(RECORDS FOR THIS EXERCISE begins)

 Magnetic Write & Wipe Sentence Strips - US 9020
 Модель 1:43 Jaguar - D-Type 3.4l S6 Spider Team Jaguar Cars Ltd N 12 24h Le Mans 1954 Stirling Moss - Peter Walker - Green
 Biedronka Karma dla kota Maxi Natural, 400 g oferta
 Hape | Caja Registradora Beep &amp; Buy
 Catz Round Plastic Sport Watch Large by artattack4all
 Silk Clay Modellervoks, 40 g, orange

(RECORDS FOR THIS EXERCISE ends)
(RECORDS FOR THIS EXERCISE begins)

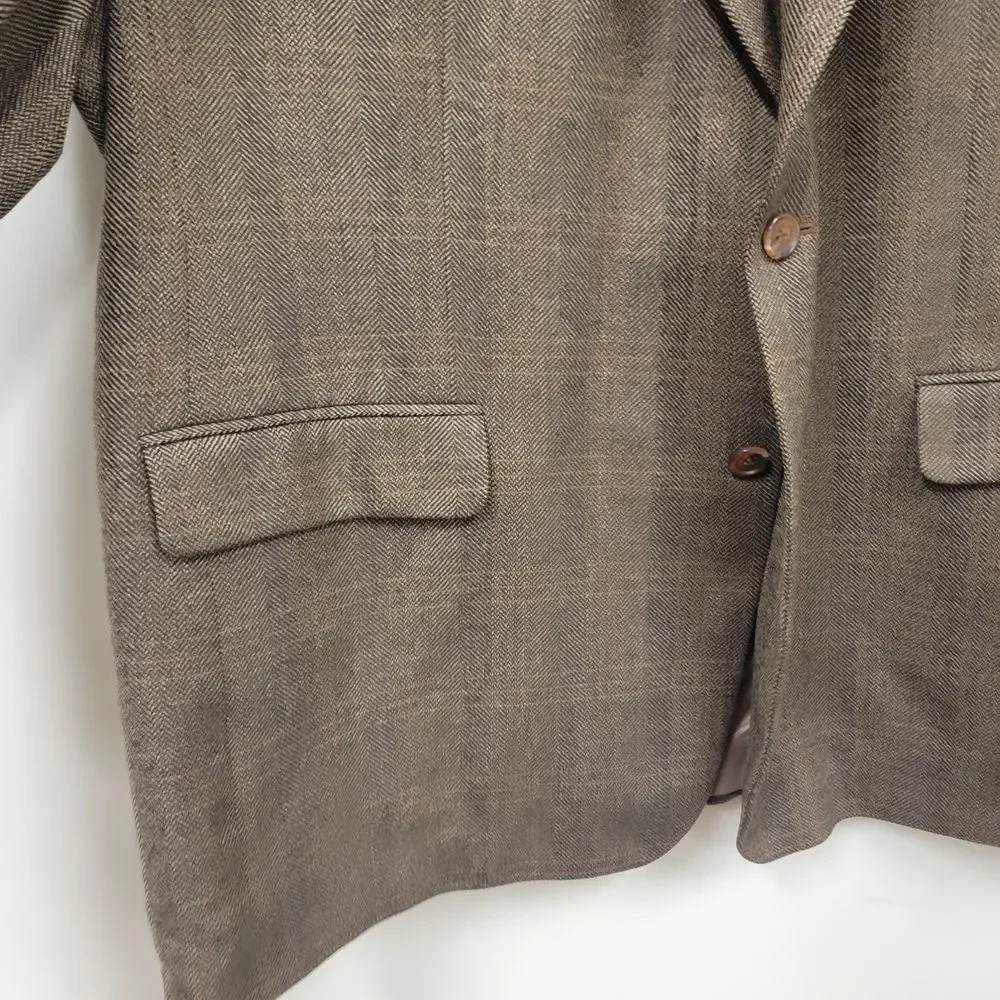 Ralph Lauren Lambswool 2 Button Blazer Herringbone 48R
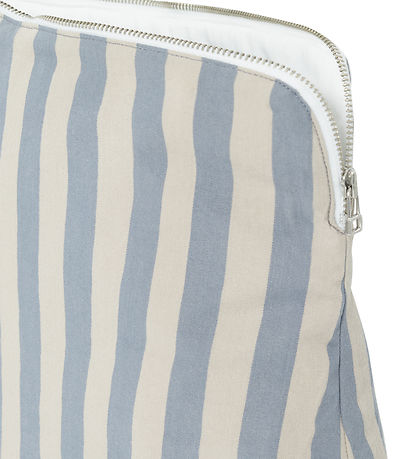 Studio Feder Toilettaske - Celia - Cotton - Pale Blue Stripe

(RECORDS FOR THIS EXERCISE ends)

* **PROBLEM DETAILS**
Your task for the entries above: copy exactly the span starting with the line with "Catz Round Plastic" and going on through the line with "Silk Clay Modellervoks, 40 g, orange", both lines included, and nothing else.

* **RESPONSE FOR THIS EXERCISE**
 Catz Round Plastic Sport Watch Large by artattack4all
 Silk Clay Modellervoks, 40 g, orange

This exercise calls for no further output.